With the U.S. Supreme Court recently reaffirming that Section 2 of the Voting Rights Act of 1965 does, in fact, outlaw the dilution of Black voting strength through racial gerrymandering in the Alabama case of Allen v. Milligen, it appears that the long drawn-out redistricting season is drawing to a close. 

Further indications that the Supreme Court is ready to move on is its refusal to grant Louisiana a separate hearing in the factually similar case of Ardoin v. Robinson, instead sending it back to the 5th Circuit Court of Appeals for review “in advance of the 2024 congressional elections.”

The 5th Circuit last week ordered attorneys for both sides to submit briefs arguing how the Alabama case affects the Louisiana case. The 5th Circuit justices could decide the case themselves, or they could send it back to the district court for further proceedings. While no one can predict what the individual lower federal courts will do, most objective legal scholars agree that Louisiana is playing a much weaker hand in defending its gerrymandered maps after the Alabama decision.

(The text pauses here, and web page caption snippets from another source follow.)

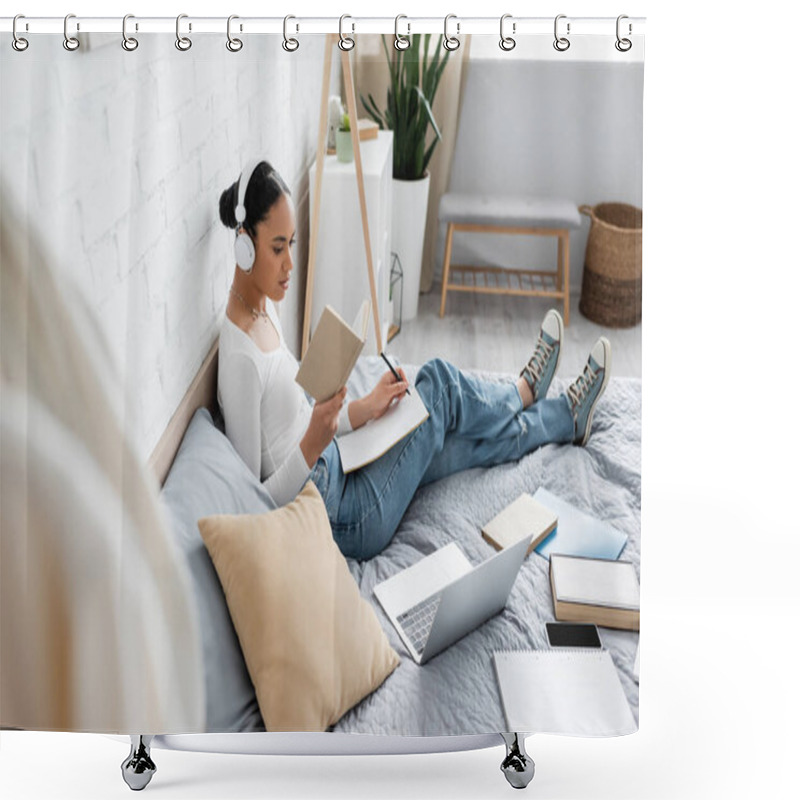 Personality  African American Student In Headphones Reading Book And Writing On Notebook Near Devices On Bed  Shower Curtains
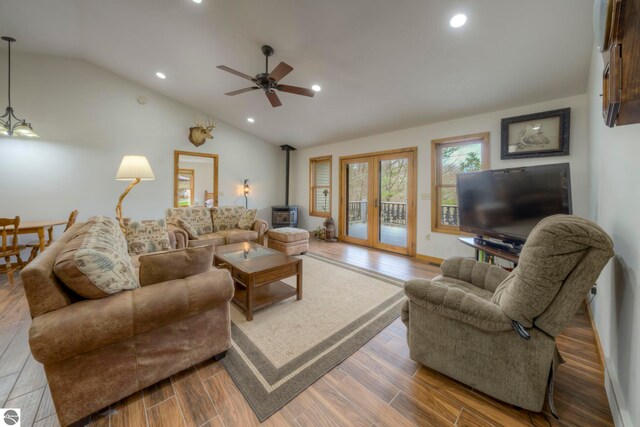 living area with ceiling fan, vaulted ceiling, recessed lighting, and wood finished floors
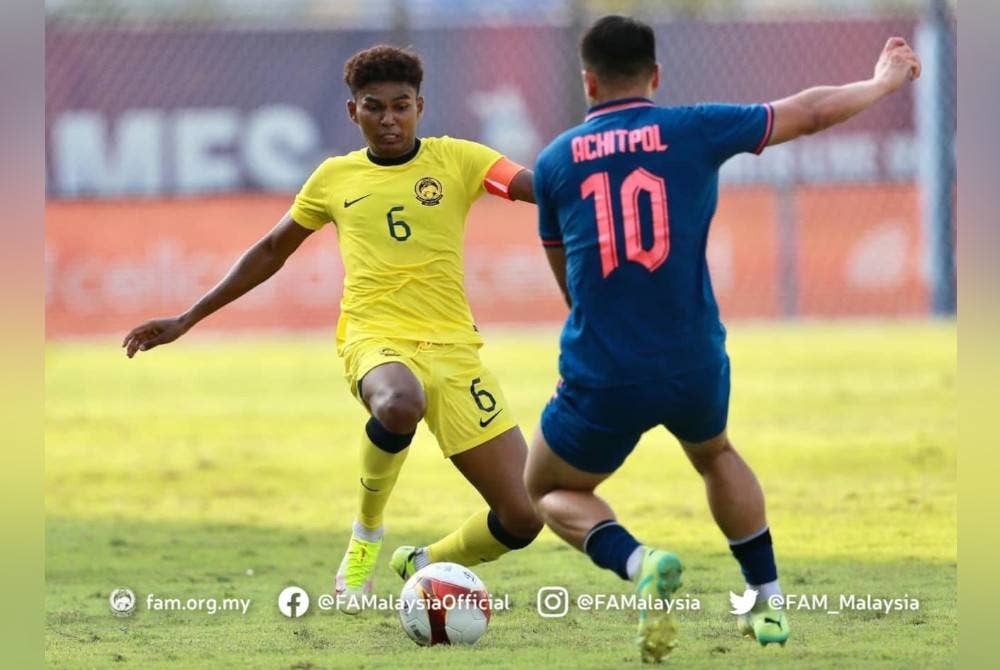 Kapten skuad negara, Azam Azmi Murad (kiri) mengawal pergerakan pemain Thailand yang menyaksikan pasukan lawan menang 2-0 dalam aksi Kumpulan B Sukan SEA Kemboja 2023 di Phnom Penh pada Sabtu. - Foto Facebook FAM.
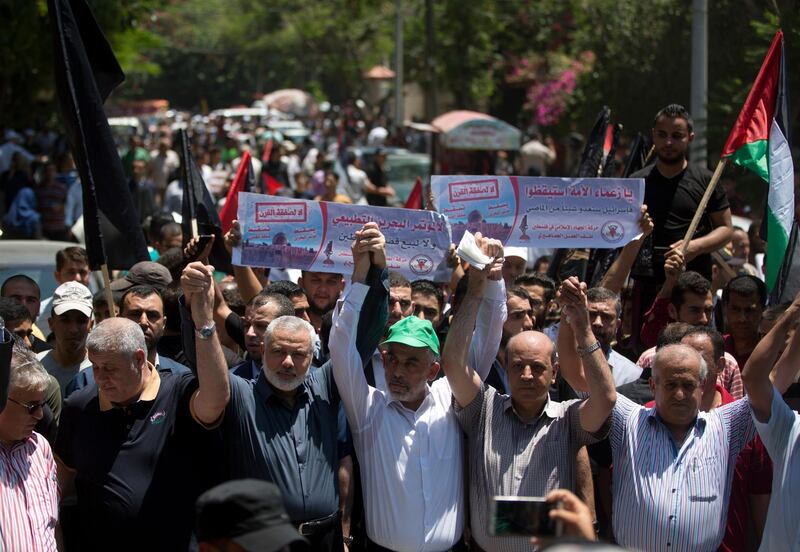 Head of the Hamas political bureau, Ismail Haniyeh, third from left, and Hamas leader in the Gaza Strip Yahya Sinwar raise their hands up with leaders of the other Palestinian factions as they attend a protest against the conference in Bahrain, which focuses on the economic portion of the White House's long-awaited plan for Mideast peace, in Gaza City, Wednesday, June 26, 2019. (AP Photo/Khalil Hamra)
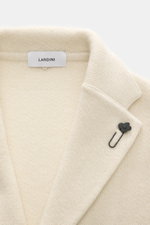 Nahaufnahme des Lardini Cashmere Strickblazer creme, von oben fotografiert, mit feinem Strickbild, fallendem Revers und Blüten-Anstecker.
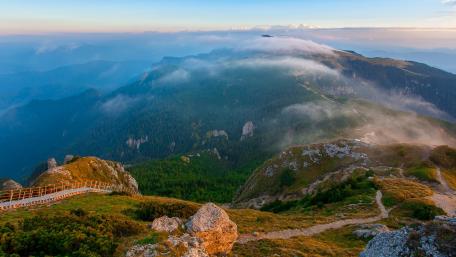 Majestic Mountain Vista Amidst Dreamy Clouds wallpaper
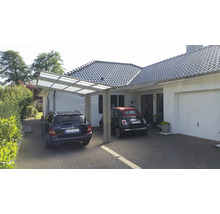Carport aus Metall mit zwei Autos vor einem Wohnhaus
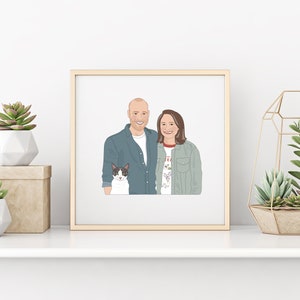 May include: A framed illustration of a couple and a cat. The couple is smiling, and the cat is black and white. The frame is gold, and the artwork is displayed on a white shelf with decorative plants.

The state of Alabama’s population is 27% Black with one Black majority district out of the seven total congressional districts. Louisiana’s population is 33% Black with one Black majority district out of six. With Alabama being ordered by the Supreme Court to create a second Black district, most expect that Louisiana will eventually be ordered to follow the court precedent and create a second one also.

Federal court precedents call for districts to be compact. However, the Louisiana Legislative Black Caucus and the original plaintiffs challenging the current Louisiana maps have each submitted hypothetical maps to the courts with two compact Black districts. So the compactness argument is probably not available to the state.

Given the long odds facing the state in defending its current maps, now would be the appropriate time to end its legal defense of its congressional maps, sit down with the plaintiffs in the case, and negotiate a compromise set of maps. This can either be done by a settlement approved by the court, or by a special session of the Legislature. Continuing to defend the current maps could have negative consequences.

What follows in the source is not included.